## Your assignment
Only the pictures should be dropped; every line of the data must come back exactly as written.

BEGIN Data supplied

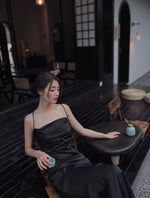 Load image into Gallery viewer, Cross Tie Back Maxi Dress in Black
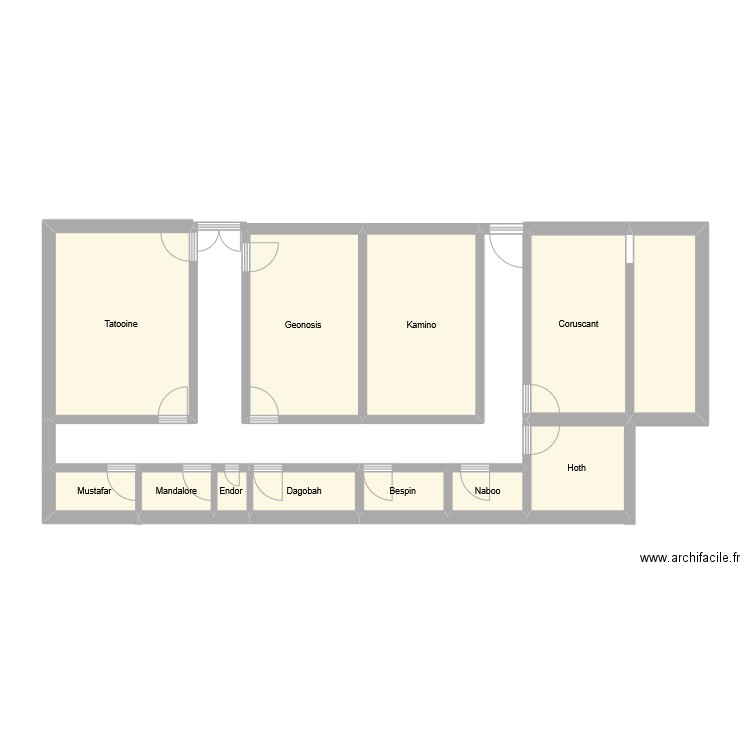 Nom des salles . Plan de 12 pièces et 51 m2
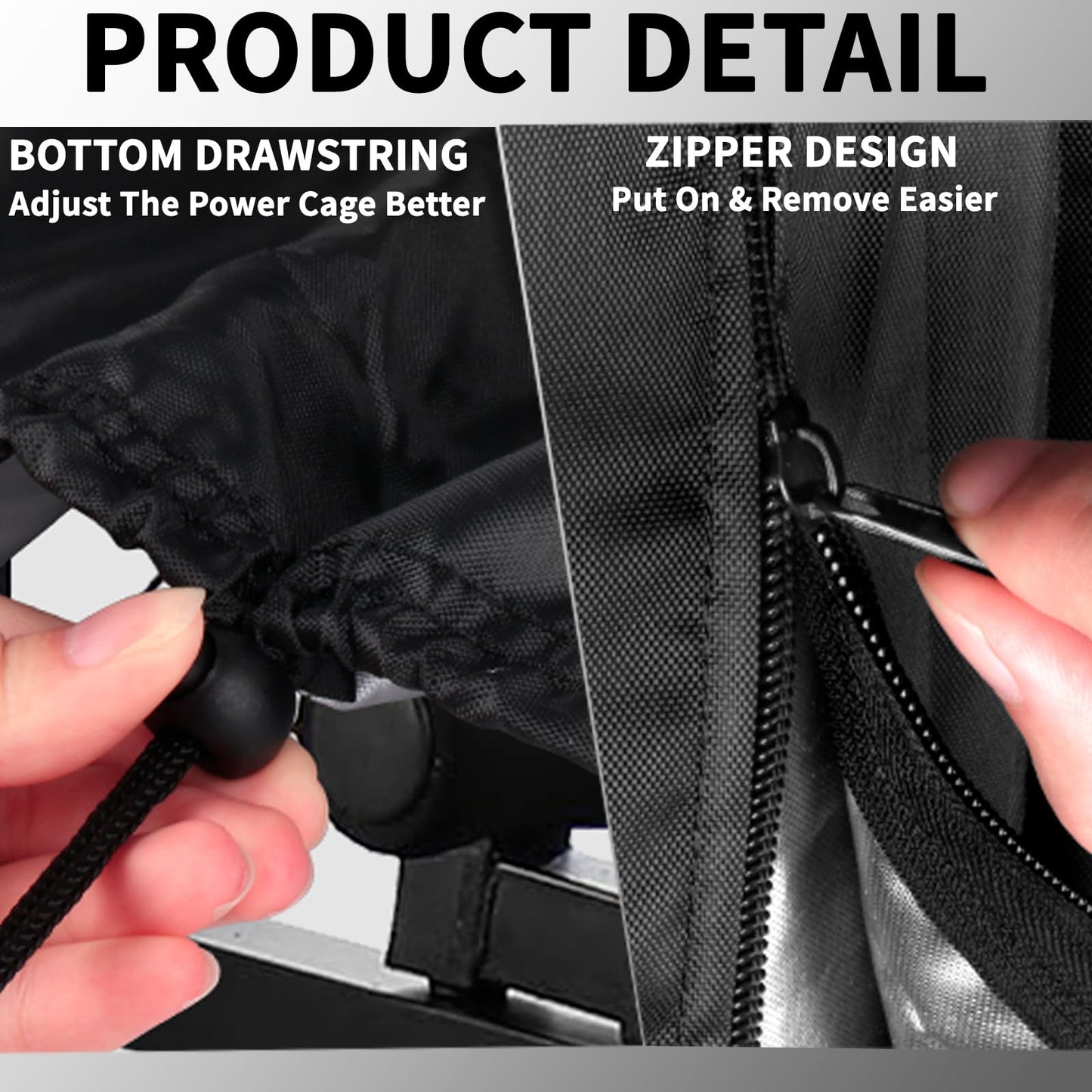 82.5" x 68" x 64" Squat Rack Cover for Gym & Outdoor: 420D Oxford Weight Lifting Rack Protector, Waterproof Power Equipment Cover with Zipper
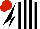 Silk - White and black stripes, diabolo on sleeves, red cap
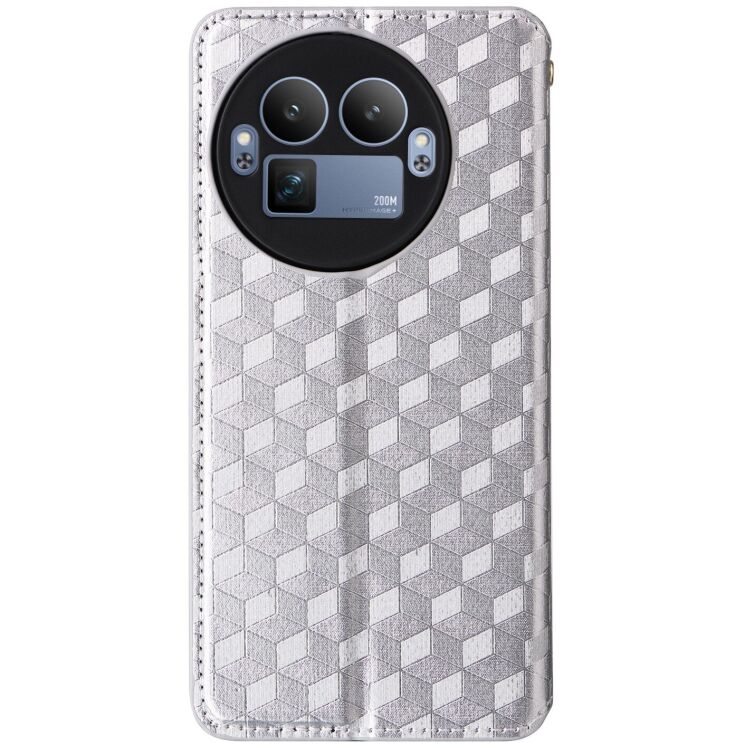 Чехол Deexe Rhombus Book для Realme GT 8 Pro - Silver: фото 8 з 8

END Data supplied

## Finished task
 Load image into Gallery viewer, Cross Tie Back Maxi Dress in Black
 Nom des salles . Plan de 12 pièces et 51 m2
 82.5" x 68" x 64" Squat Rack Cover for Gym & Outdoor: 420D Oxford Weight Lifting Rack Protector, Waterproof Power Equipment Cover with Zipper
 Silk - White and black stripes, diabolo on sleeves, red cap
 Чехол Deexe Rhombus Book для Realme GT 8 Pro - Silver: фото 8 з 8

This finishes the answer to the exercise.